## What you have to do
Go through the following data and transcribe exactly the stretch of lines from the one holding "May include: A" to the one holding "the water. 142471469", both included.
Top of The data
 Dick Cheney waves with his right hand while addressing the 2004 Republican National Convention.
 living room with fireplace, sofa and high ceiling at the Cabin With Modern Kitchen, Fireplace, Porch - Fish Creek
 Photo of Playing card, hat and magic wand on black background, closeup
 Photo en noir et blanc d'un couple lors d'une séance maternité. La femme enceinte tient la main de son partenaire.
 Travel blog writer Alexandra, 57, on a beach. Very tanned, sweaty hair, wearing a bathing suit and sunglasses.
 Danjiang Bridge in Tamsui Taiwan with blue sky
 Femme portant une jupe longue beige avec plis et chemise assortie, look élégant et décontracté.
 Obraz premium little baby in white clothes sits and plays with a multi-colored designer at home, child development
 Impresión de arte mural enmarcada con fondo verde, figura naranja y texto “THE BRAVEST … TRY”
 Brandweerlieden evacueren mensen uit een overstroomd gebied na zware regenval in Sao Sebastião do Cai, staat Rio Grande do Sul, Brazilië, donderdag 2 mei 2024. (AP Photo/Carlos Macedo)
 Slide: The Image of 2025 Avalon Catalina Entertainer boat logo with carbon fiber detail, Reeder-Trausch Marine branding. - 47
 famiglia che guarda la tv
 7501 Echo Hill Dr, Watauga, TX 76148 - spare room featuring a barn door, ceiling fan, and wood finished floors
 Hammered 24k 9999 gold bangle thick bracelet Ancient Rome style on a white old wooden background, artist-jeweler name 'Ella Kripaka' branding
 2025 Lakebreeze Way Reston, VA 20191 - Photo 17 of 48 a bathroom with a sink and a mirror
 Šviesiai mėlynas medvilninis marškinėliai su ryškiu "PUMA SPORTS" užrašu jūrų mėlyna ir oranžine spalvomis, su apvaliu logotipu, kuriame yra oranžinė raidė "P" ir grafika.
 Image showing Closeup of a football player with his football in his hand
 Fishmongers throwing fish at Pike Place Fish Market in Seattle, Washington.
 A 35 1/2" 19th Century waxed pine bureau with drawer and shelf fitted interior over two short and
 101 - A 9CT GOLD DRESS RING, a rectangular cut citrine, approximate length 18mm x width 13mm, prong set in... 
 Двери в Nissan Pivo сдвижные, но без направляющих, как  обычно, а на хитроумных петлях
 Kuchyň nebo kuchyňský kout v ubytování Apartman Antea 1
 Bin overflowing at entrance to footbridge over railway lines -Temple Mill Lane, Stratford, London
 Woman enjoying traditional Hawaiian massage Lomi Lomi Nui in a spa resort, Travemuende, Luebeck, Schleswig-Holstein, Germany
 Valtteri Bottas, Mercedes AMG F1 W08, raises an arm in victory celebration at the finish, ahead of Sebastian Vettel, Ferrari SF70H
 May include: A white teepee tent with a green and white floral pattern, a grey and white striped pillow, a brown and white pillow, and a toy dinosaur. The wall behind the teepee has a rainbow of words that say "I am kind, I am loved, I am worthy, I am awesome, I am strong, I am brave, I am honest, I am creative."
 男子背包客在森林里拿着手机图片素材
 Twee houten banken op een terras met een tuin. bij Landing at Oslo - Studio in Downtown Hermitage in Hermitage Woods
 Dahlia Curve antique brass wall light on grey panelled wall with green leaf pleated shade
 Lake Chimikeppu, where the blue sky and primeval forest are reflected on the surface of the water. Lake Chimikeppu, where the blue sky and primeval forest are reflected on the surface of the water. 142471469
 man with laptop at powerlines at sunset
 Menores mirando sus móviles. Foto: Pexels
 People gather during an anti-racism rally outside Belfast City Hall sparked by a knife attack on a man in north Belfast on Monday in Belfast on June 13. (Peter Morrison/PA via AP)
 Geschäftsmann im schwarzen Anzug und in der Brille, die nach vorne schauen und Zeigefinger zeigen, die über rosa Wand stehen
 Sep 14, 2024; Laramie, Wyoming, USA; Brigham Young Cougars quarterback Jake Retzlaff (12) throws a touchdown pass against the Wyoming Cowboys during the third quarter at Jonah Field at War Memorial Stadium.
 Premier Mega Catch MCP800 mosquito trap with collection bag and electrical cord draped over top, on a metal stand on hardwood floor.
Bottom of The data
## Response to this task
 May include: A white teepee tent with a green and white floral pattern, a grey and white striped pillow, a brown and white pillow, and a toy dinosaur. The wall behind the teepee has a rainbow of words that say "I am kind, I am loved, I am worthy, I am awesome, I am strong, I am brave, I am honest, I am creative."
 男子背包客在森林里拿着手机图片素材
 Twee houten banken op een terras met een tuin. bij Landing at Oslo - Studio in Downtown Hermitage in Hermitage Woods
 Dahlia Curve antique brass wall light on grey panelled wall with green leaf pleated shade
 Lake Chimikeppu, where the blue sky and primeval forest are reflected on the surface of the water. Lake Chimikeppu, where the blue sky and primeval forest are reflected on the surface of the water. 142471469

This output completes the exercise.